● **TASK STATEMENT**: Skip the pictures and return every entry exactly as written.

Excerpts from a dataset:
##########
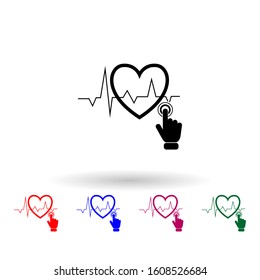 Heart beats graph multi color icon. Simple glyph, flat vector of touch screen icons for ui and ux, website or mobile application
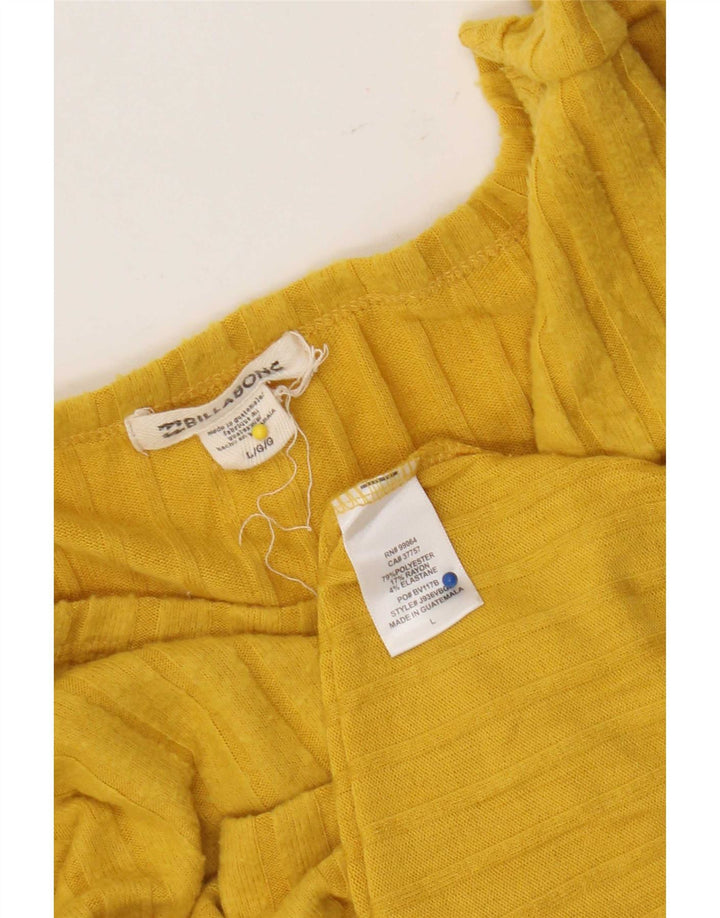 Billabong Damen Top Langarm UK 16 Large Gelb Polyester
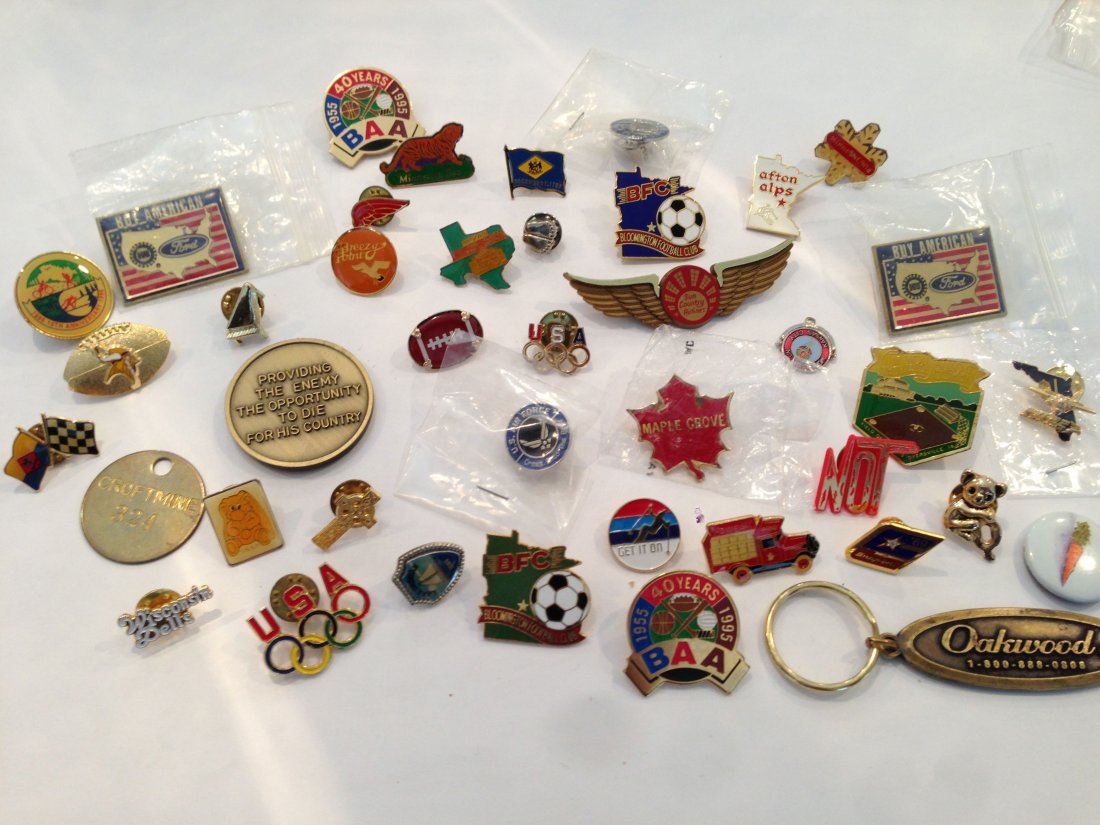 HUGE LOT OF VINTAGE PINS FROM THE MIDWEST: Here is a large lot of pins, mainly from the central region of the USA - but some great ones as well, capped off by a 1989 SNAP TOOLS Service pin with DIAMOND ! ! ! pins from minnesota, texas, wiscons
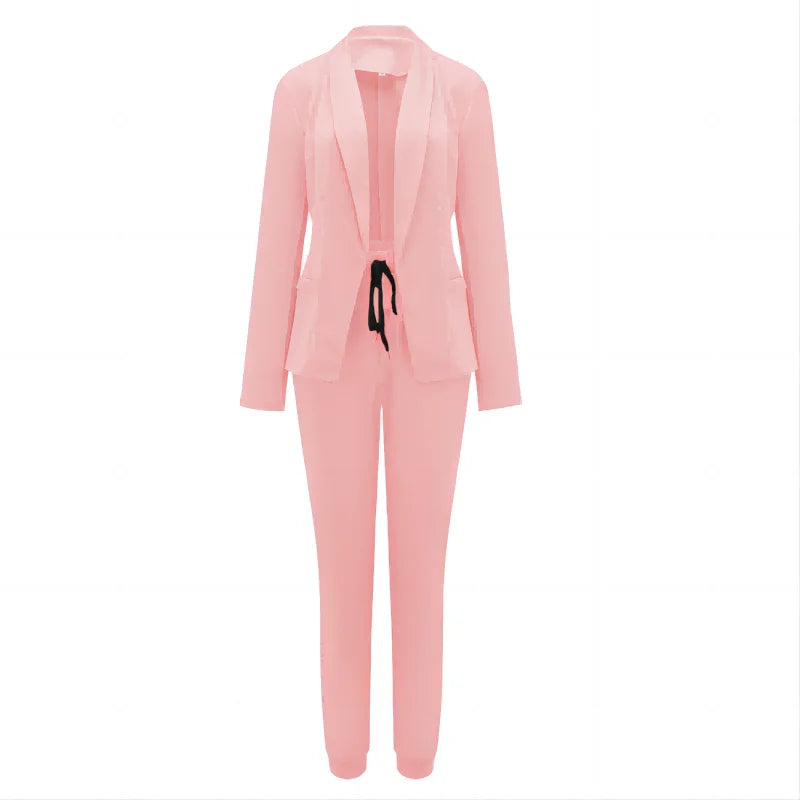 Women's Solid Color Jacket & Straight-Leg Pants Suit Set Cairns Closet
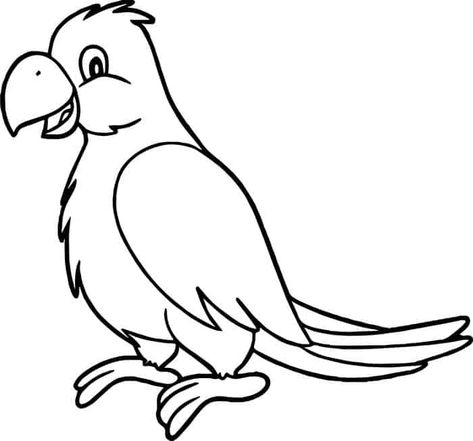 Printable Coloring Pages Parrot, from Animal Coloring Pages topics #coloring #coloringpages #printable Parrot Worksheet, Parrot Cartoon, Jungle Coloring Pages, Nursery Worksheets, Parrot Drawing, Valentines Day Coloring Page, Valentines Day Coloring, Cartoon Birds, Truck Coloring Pages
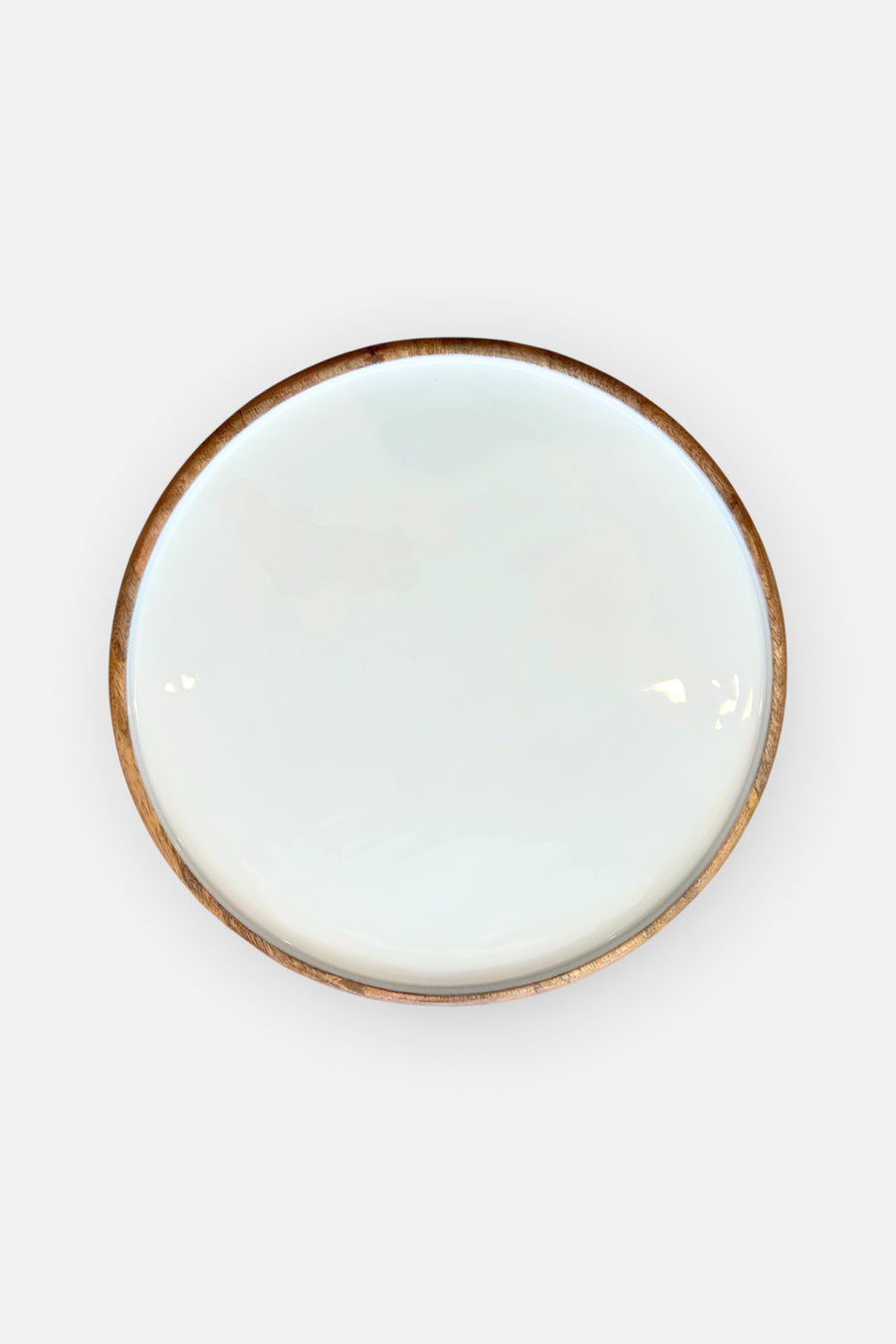 Acacia and Enamel Lazy Susan in White, 15x15 – back view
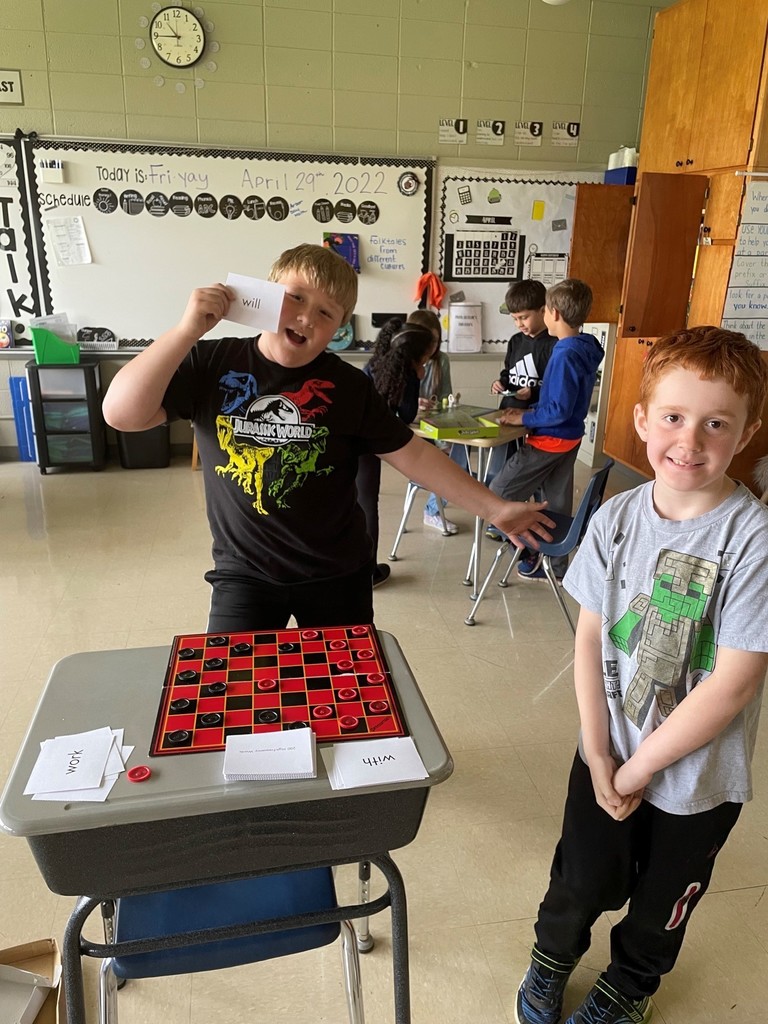 Students practicing site words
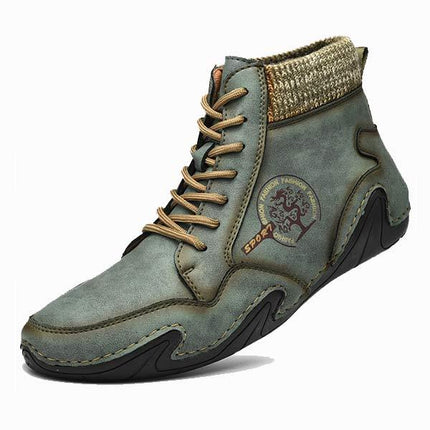 Vintage Leather Ankle Boots for Men | High-Quality Fit | Flexible Rubber Sole | Lightweight & Comfortable | Casual Boots for Work & Weekend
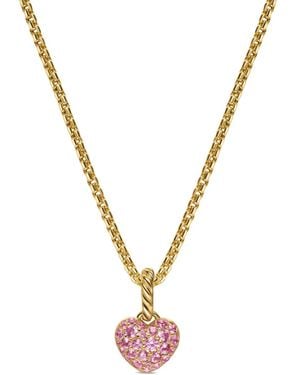 David Yurman 18Kt Petite Pavé Goldhalskette Mit Saphir - Mettallic
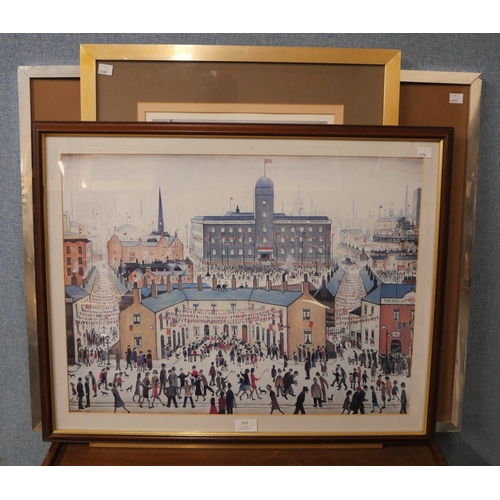 320 - A limited edition L.S. Lowry print, The Old Town Hall, framed two other Lowry prints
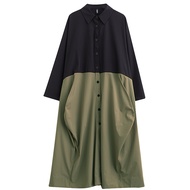 XITAO A-line Casual Full Sleeve Single Breasted Solid Color Dress Patchwork Simplicity Sweet Autumn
##########
● **YOUR SOLUTION**:
 Heart beats graph multi color icon. Simple glyph, flat vector of touch screen icons for ui and ux, website or mobile application
 Billabong Damen Top Langarm UK 16 Large Gelb Polyester
 HUGE LOT OF VINTAGE PINS FROM THE MIDWEST: Here is a large lot of pins, mainly from the central region of the USA - but some great ones as well, capped off by a 1989 SNAP TOOLS Service pin with DIAMOND ! ! ! pins from minnesota, texas, wiscons
 Women's Solid Color Jacket & Straight-Leg Pants Suit Set Cairns Closet
 Printable Coloring Pages Parrot, from Animal Coloring Pages topics #coloring #coloringpages #printable Parrot Worksheet, Parrot Cartoon, Jungle Coloring Pages, Nursery Worksheets, Parrot Drawing, Valentines Day Coloring Page, Valentines Day Coloring, Cartoon Birds, Truck Coloring Pages
 Acacia and Enamel Lazy Susan in White, 15x15 – back view
 Students practicing site words
 Vintage Leather Ankle Boots for Men | High-Quality Fit | Flexible Rubber Sole | Lightweight & Comfortable | Casual Boots for Work & Weekend
 David Yurman 18Kt Petite Pavé Goldhalskette Mit Saphir - Mettallic
 320 - A limited edition L.S. Lowry print, The Old Town Hall, framed two other Lowry prints
 XITAO A-line Casual Full Sleeve Single Breasted Solid Color Dress Patchwork Simplicity Sweet Autumn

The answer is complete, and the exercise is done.